Watching his 2017 talk at the Cambridge Union, it is hard not to hang on every word he says. He has the capability to switch between being extremely profound and insightful to light-hearted and humorous in an instant. A useful skill for any actor. Although on the surface he may seem like a serious theatre actor, he is also incredibly funny. Examples of this can be found in his appearance in George Ezra’s ‘Listen to the Man’ music video, his voiceover work in Flushed Away and his role as a conman in Coronation Street. Without a doubt McKellen demonstrates that he can do humour just as well as he can do drama.

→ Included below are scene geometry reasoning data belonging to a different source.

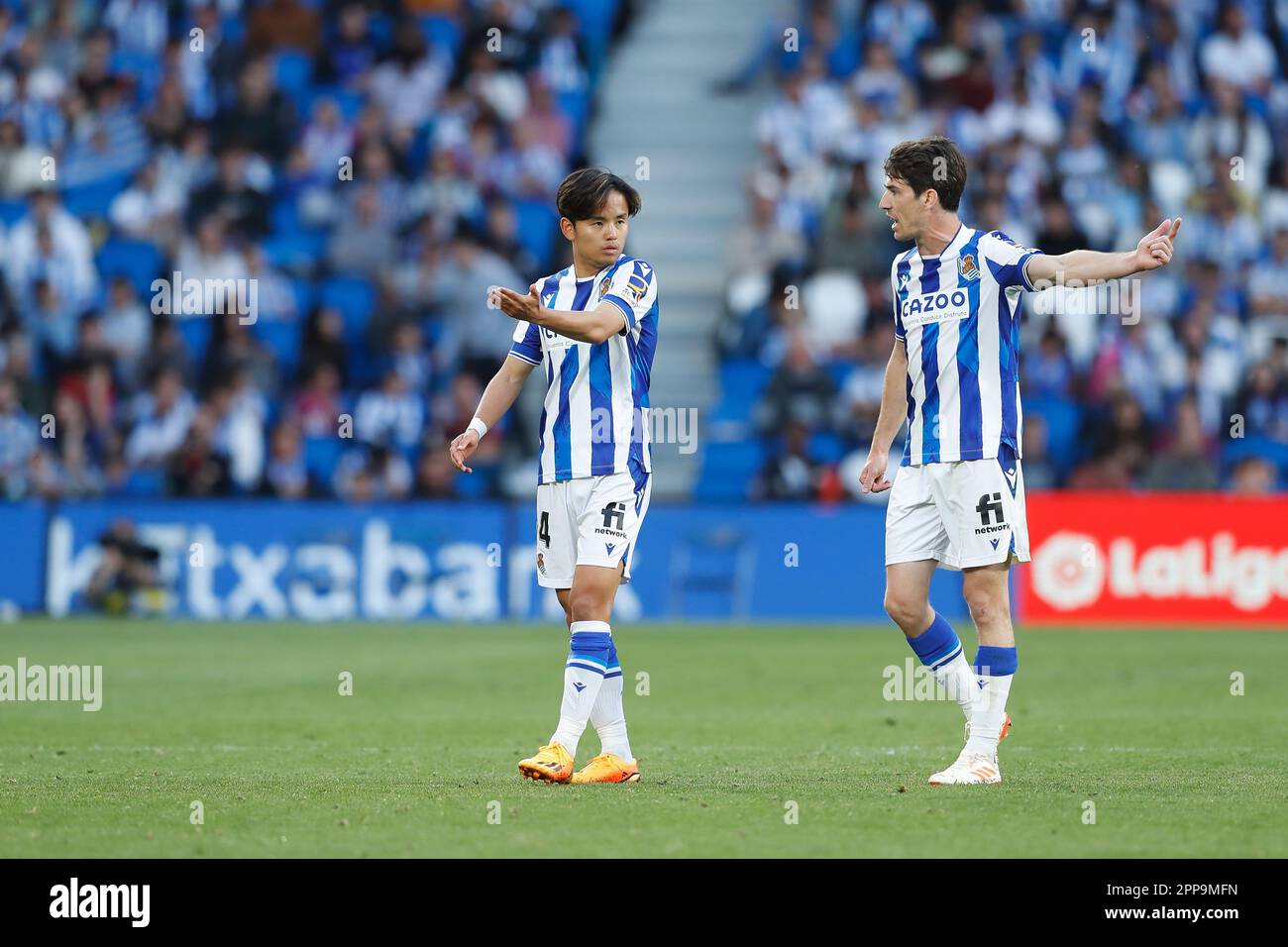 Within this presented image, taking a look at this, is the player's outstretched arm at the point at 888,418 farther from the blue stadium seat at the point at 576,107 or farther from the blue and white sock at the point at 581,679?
the blue stadium seat at the point at 576,107

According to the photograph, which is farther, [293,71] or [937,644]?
[293,71]

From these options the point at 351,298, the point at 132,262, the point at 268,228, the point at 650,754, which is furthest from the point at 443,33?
the point at 650,754

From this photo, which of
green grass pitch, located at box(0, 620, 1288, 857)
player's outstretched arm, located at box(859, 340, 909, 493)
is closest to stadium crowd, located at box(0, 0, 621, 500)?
green grass pitch, located at box(0, 620, 1288, 857)

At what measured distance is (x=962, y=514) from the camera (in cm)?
778

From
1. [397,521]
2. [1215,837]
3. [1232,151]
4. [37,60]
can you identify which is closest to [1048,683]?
[1215,837]

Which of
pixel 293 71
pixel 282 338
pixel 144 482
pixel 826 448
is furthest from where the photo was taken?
pixel 293 71

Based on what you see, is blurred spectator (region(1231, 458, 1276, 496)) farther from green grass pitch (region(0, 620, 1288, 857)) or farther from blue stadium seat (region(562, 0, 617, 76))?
blue stadium seat (region(562, 0, 617, 76))

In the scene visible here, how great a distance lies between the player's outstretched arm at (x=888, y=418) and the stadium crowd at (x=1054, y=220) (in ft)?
34.8

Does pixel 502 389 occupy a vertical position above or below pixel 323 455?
below

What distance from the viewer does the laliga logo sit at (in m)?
18.3

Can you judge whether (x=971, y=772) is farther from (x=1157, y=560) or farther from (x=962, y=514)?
(x=1157, y=560)

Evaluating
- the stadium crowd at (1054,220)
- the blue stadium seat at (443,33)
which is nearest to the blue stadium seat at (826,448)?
the stadium crowd at (1054,220)

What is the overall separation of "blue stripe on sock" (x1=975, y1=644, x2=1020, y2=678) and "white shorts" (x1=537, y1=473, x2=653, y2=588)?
4.73ft

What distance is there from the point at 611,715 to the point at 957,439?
1776mm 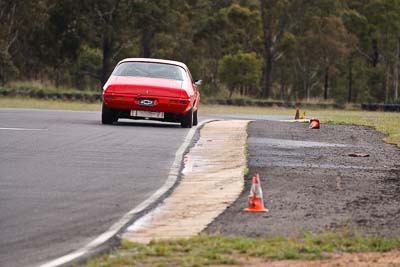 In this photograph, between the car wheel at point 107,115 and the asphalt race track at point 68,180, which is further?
the car wheel at point 107,115

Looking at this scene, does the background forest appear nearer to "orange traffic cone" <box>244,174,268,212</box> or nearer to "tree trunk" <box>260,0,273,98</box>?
"tree trunk" <box>260,0,273,98</box>

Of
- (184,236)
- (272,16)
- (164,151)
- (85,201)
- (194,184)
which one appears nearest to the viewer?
(184,236)

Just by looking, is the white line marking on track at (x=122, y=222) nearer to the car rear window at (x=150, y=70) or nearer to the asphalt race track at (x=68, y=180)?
the asphalt race track at (x=68, y=180)

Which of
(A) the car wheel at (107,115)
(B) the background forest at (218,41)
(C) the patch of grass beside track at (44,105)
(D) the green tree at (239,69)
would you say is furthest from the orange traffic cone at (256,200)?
(D) the green tree at (239,69)

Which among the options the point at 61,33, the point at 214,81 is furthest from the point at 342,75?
the point at 61,33

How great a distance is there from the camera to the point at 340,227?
8.26 meters

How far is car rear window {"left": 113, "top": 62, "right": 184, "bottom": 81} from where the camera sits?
2166 cm

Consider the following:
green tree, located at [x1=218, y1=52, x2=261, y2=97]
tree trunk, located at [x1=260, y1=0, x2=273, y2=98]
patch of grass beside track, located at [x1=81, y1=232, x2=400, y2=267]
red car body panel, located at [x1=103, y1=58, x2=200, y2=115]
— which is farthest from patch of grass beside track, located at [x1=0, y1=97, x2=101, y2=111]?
patch of grass beside track, located at [x1=81, y1=232, x2=400, y2=267]

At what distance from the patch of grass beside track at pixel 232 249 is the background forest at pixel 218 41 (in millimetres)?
45885

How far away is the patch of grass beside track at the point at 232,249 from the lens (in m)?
6.89

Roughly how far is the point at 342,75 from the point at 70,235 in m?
64.9

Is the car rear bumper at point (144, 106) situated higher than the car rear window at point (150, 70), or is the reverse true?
the car rear window at point (150, 70)

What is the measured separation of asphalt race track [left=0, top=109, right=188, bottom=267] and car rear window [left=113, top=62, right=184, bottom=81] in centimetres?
234

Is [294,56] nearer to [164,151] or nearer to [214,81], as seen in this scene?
[214,81] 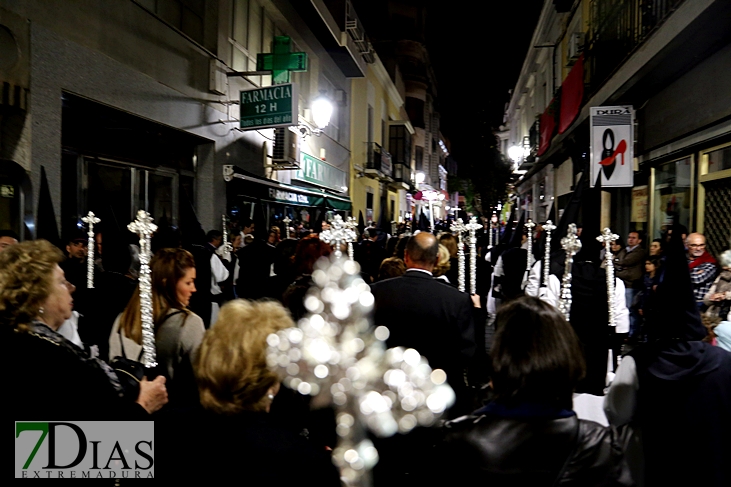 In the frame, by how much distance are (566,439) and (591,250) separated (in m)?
3.69

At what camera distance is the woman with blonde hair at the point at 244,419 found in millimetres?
1702

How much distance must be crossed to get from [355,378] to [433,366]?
255 cm

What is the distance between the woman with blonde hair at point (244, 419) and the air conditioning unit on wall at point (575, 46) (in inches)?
575

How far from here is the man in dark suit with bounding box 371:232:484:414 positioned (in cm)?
384

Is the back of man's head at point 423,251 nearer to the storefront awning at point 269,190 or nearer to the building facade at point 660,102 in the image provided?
the building facade at point 660,102

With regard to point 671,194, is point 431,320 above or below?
below

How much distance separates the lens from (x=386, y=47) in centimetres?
4066

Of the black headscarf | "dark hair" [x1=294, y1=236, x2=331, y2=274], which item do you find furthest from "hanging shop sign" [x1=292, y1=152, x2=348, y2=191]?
the black headscarf

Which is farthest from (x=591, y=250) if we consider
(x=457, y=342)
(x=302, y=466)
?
(x=302, y=466)

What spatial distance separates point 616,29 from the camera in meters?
11.3

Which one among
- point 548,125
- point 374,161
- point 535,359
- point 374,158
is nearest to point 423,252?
point 535,359

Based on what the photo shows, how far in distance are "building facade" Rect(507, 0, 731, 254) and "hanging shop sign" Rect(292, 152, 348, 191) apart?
7893 millimetres

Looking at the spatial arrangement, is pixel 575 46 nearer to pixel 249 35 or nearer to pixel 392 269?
pixel 249 35

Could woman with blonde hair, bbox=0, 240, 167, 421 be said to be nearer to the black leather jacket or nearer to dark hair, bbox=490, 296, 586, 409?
the black leather jacket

Studying English Literature at Cambridge may have given him an understanding of the characters he would soon go on to portray. His one man show, Acting Shakespeare demonstrates his grasp of rhythm and lyricalness in the lines that he speaks. The theatre veteran is often seen in royal roles: Richard III, Hamlet and King Lear are prime examples. Stoic and oozing with dignity, McKellen has an undeniable regal quality about him. King Lear in particular, showcases his ability to command respect and awe and become a general a tour de force of power.
All these factors combine to create a man with every sign of a truly great entertainer. At 78 years old, Sir Ian McKellen continues to expand his incredible résumé and hopefully will keep on doing so for some time yet. He is a brilliant, intelligent actor with an obvious passion for what he does and more than deserves his name in the acting hall of fame.